CREATE INDEX idx_orders_customer_status ON orders (customer_id, status);

This index is useful for:

-- Uses the index fully
SELECT * FROM orders WHERE customer_id = 42 AND status = 'pending';

-- Uses the index (leading column match)
SELECT * FROM orders WHERE customer_id = 42;

-- Does NOT use the index
SELECT * FROM orders WHERE status = 'pending';

This is the leftmost prefix rule: a composite index can only be used if the query filters on a prefix of the indexed columns in order. Putting a low-cardinality column first (like status which might only have 3–4 values) wastes the index for most queries.

Rule of thumb: put the most selective column first, unless you have a specific query pattern that dictates otherwise.

The Hidden Cost of Indexes

Indexes are not free. Every write operation, INSERT, UPDATE, DELETE, must also update every index on that table.

Write cost = table write + (1 write per index)

A table with 8 indexes pays 9x the write cost of a table with no indexes. For tables that are read-heavy (dashboards, analytics), this is usually fine. For tables that are write-heavy (event logs, audit trails, message queues), over-indexing is a real bottleneck.

Before adding an index, ask:

What query is slow and why?
How often is this table written to vs. read from?
Does an index already exist that covers this query partially?

Using EXPLAIN to Validate

Don't guess, use EXPLAIN (or EXPLAIN ANALYZE in PostgreSQL) to see the query plan:

EXPLAIN ANALYZE
SELECT * FROM orders WHERE customer_id = 42 AND status = 'pending';

Look for these in the output:

Index Scan, the database used your index
Seq Scan, full table scan, usually means no suitable index
Bitmap Heap Scan, used the index to collect row locations, then fetched them in bulk (efficient for large result sets)

A common mistake is adding an index and assuming it's being used. Always verify with EXPLAIN.

Partial Indexes

If you only query a subset of rows frequently, a partial index lets you index just that subset:

-- Only index pending orders, not the entire orders table
CREATE INDEX idx_pending_orders ON orders (created_at)
WHERE status = 'pending';

This is smaller, faster to maintain, and often faster to query than a full index on the same column. It's a great tool when one value of a column dominates your query patterns.

Putting It Together

Good indexing is about understanding your access patterns, not just making queries faster.

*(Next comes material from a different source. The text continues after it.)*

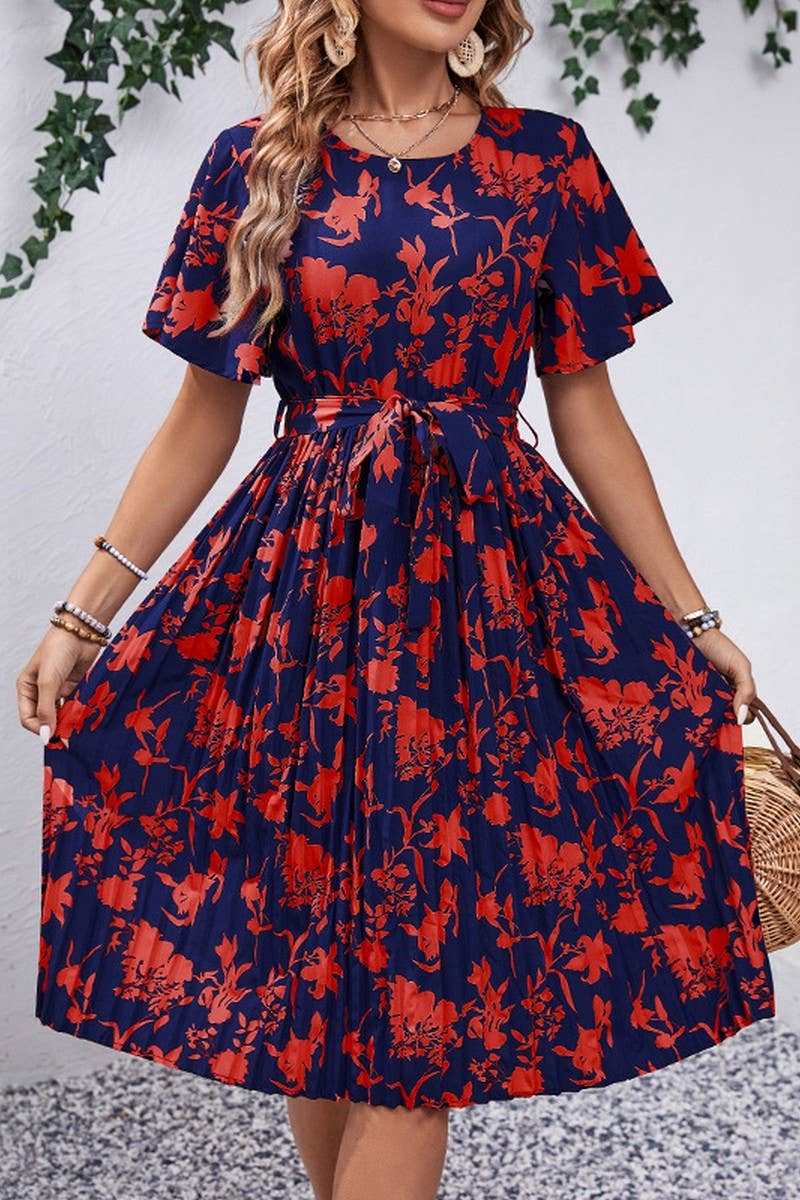 CWDSD2765_Round Neck Short Sleeve with belt Print Dress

A few principles I follow:

Index foreign keys, almost always worth it, since joins happen constantly
Verify with EXPLAIN before and after adding indexes
Don't index everything, be selective, especially on write-heavy tables
Review unused indexes, most databases let you see which indexes are never scanned; drop them

Indexes are one of the highest-leverage performance tools available to you, and understanding the mechanics behind them makes the difference between adding an index that helps and adding one that quietly makes everything worse.